Em entrevista à DW África, o ativista de Cabinda denuncia a violência da polícia contra os manifestantes e dá conta da mobilização de comandos do Exército, agentes da Polícia de Intervenção Rápida e da Polícia Nacional numa "caça ao homem” para travar os ativistas.
Aarão Bula Tempo acusa João Lourenço de ser "cúmplice da degradação social” e diz que o Governo continua a discriminar Cabinda, enquanto as restantes províncias podem manifestar-se.
DW África: Em que circunstâncias foram detidos os 29 manifestantes em Cabinda, este sábado?

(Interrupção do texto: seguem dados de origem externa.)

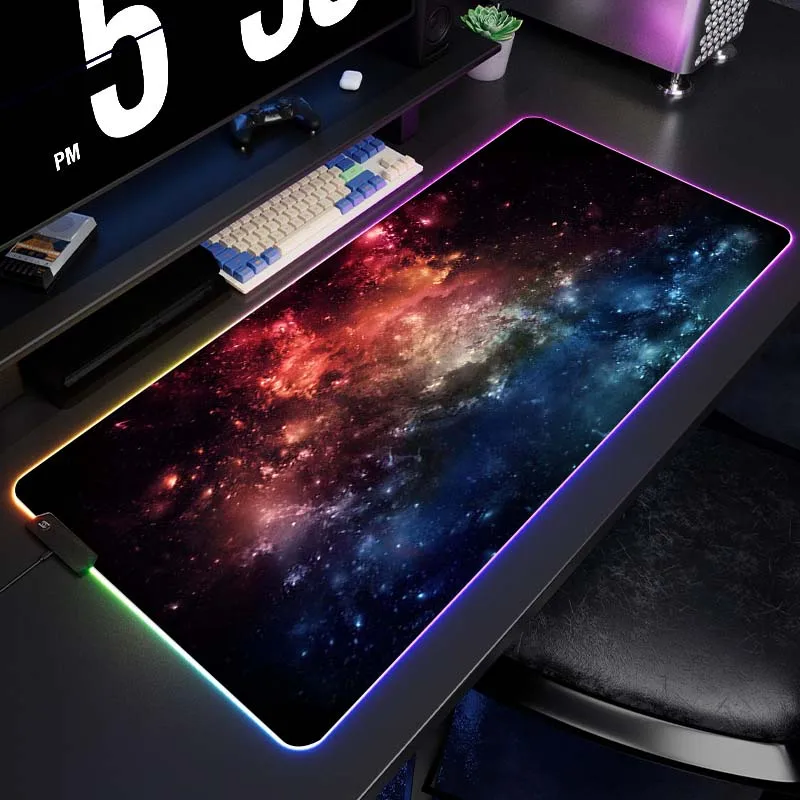 

RGB Space Natural Rubber Large Mouse Pad LED Pc Gamer Mousepad HD Print Gaming Keyboard Pads XXL Table Carpet Rubber Desk Mat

Aarão Bula Tempo (ABT): Quando se dirigiam ao local onde deveriam concentrar-se antes da marcha, passando por uma esquadra policial, os ativistas dos direitos humanos foram interpelados, detidos e espancados. Foram levados diretamente à investigação criminal. Outros ativistas foram apanhados no local da concentração, no Chiloango.
DW África: O que é que os agentes da polícia alegaram para deter os ativistas?
ABT: Até hoje, não conseguem alegar nada. No dia 21 de novembro, os ativistas enviaram uma carta ao governador, informando-o da marcha. No dia 2 de dezembro, quando já se iam colando os panfletos, alguns ativistas foram detidos e fomos convidados para uma reunião com o vice-governador. Realizou-se o encontro e estávamos convencidos de que não havia qualquer proibição. A própria lei diz que, quando se informa o governador, este dá um documento de recepção – e eles deram. No prazo de 24 horas, se pretenderem proibir, devem pronunciar-se sobre a sua decisão, fundamentando-a – o que não aconteceu. Ontem [sábado, 16 de dezembro], surpreendentemente, acontecem as detenções. Eu, pessoalmente, fui-me entregar, porque eu é que sou o coordenador da marcha. Disse ‘vim-me entregar e, se houver razões, entrego-me para que me prendam'. Disseram que não podiam e eu fui para casa. Houve muita movimentação, até dos boinas vermelhas, os comandos, da Polícia de Intervenção Rápida e da Polícia Nacional, que começaram a caça ao homem para deter os ativistas.
DW África: Os manifestantes continuam detidos?
ABT: Não, às 23 horas deste sábado libertaram alguns e outros saíram mais tarde. Alguns terão de se apresentar na esquadra esta segunda-feira (18.01), para responder. Quer dizer que isto continua.
DW África: Muitas pessoas esperavam que a repressão dos protestos e situações deste género terminariam com uma mudança de poder em Angola. Acha que o que aconteceu este sábado deita por terra estas expetativas de mudança que muitos viram na Presidência de João Lourenço?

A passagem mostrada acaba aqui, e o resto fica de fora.